🤖 AI Summary
Visual programming (VP) frameworks face two key challenges: non-differentiable execution hinders end-to-end optimization, and the absence of subtask-level annotations prevents fine-grained supervision. To address these, this work introduces the first differentiable probabilistic formulation of VP execution, modeling it as a directed probabilistic graph grounded in variable dependencies. This enables differentiable probabilistic inference, circumventing traditional gradient-blocking bottlenecks and supporting end-to-end joint optimization using only task-level supervision. The approach unifies probabilistic graphical models, differentiable inference, visual programming, large language models, and pretrained vision modules into a cohesive, multi-component training framework. Extensive experiments on three major visual reasoning benchmarks—GQA, NLVRv2, and Open Images—demonstrate substantial performance gains, validating the method’s effectiveness, generalizability, and practical utility.
📝 Abstract
Recently, Visual Programming (VP) based on large language models (LLMs) has rapidly developed and demonstrated significant potential in complex Visual Reasoning (VR) tasks. Previous works to enhance VP have primarily focused on improving the quality of LLM-generated visual programs. However, they have neglected to optimize the VP-invoked pre-trained models, which serve as modules for the visual sub-tasks decomposed from the targeted tasks by VP. The difficulty is that there are only final labels of targeted VR tasks rather than labels of sub-tasks. Besides, the non-differentiable nature of VP impedes the direct use of efficient gradient-based optimization methods to leverage final labels for end-to-end learning of the entire VP framework. To overcome these issues, we propose EVPG, a method to Enhance Visual Programming for visual reasoning via Probabilistic Graphs.

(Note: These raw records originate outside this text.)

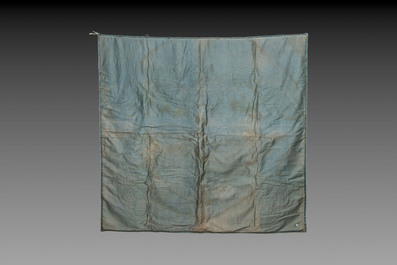 A rare and fine Ottoman oil-painted and embroidered silk panel depicting Basi Bozuic, 18/19th C.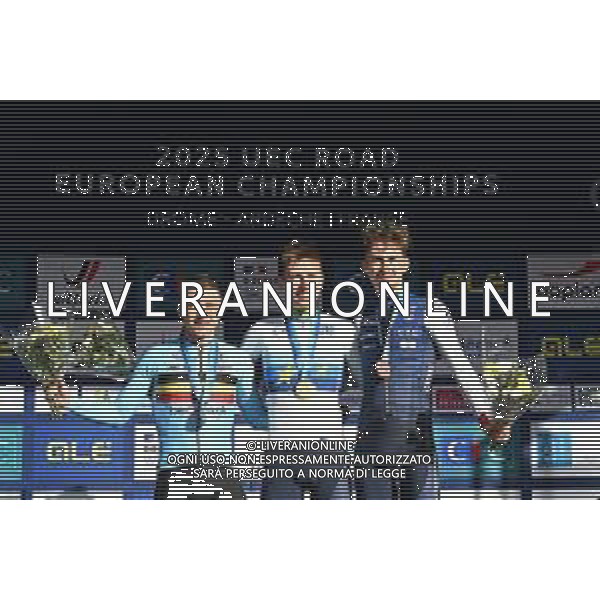 05-10-2025 European Championships Elite; 2025, Uae Team Emirates - Xrg; 2025, Soudal - Quick Step; 2025, Decathlon - Ag2r La Mondiale; Pogacar, Tadej; Evenepoel, Remco; Seixas, Paul; Guilherand Granges; ©SIROTTI - AGENZIA ALDO LIVERANI SAS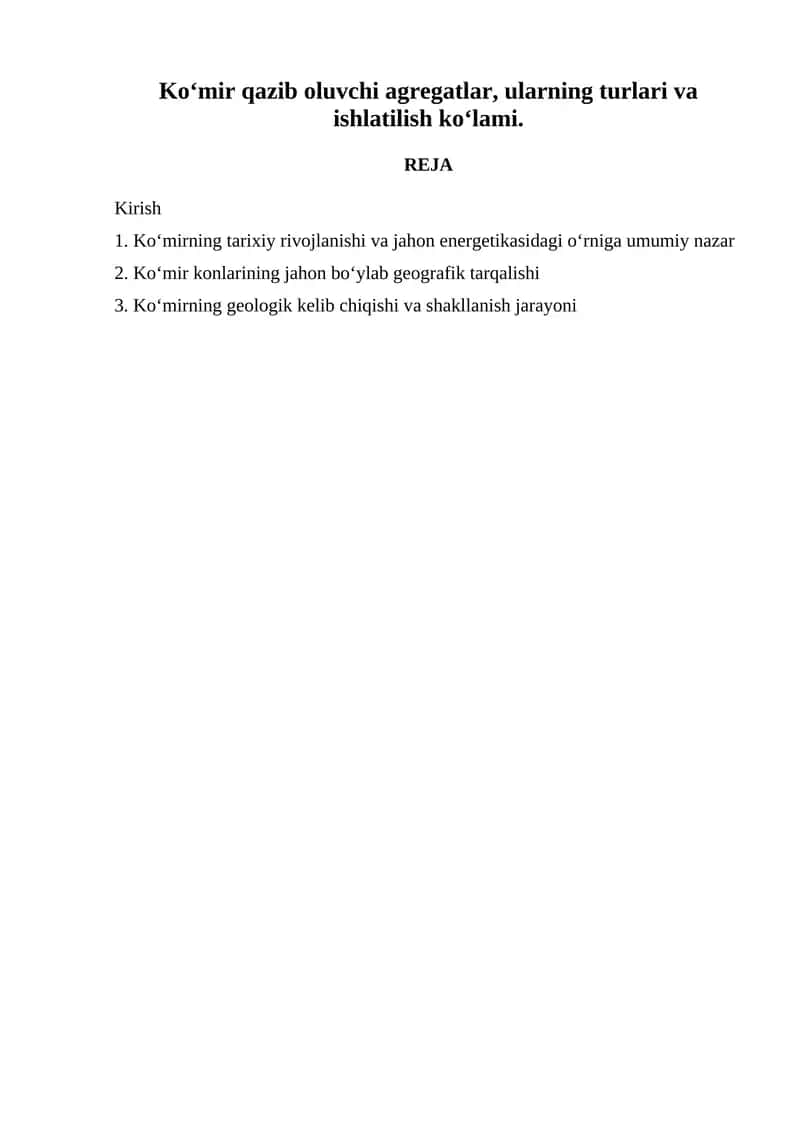 Ko‘mir qazib oluvchi agregatlar 1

Specifically, we creatively build a directed probabilistic graph according to the variable dependency relationships during the VP executing process, which reconstructs the non-differentiable VP executing process into a differentiable exact probability inference process on this directed probabilistic graph. As a result, this enables the VP framework to utilize the final labels for efficient, gradient-based optimization in end-to-end supervised learning on targeted VR tasks. Extensive and comprehensive experiments demonstrate the effectiveness and advantages of our EVPG, showing significant performance improvements for VP on three classical complex VR tasks: GQA, NLVRv2, and Open Images.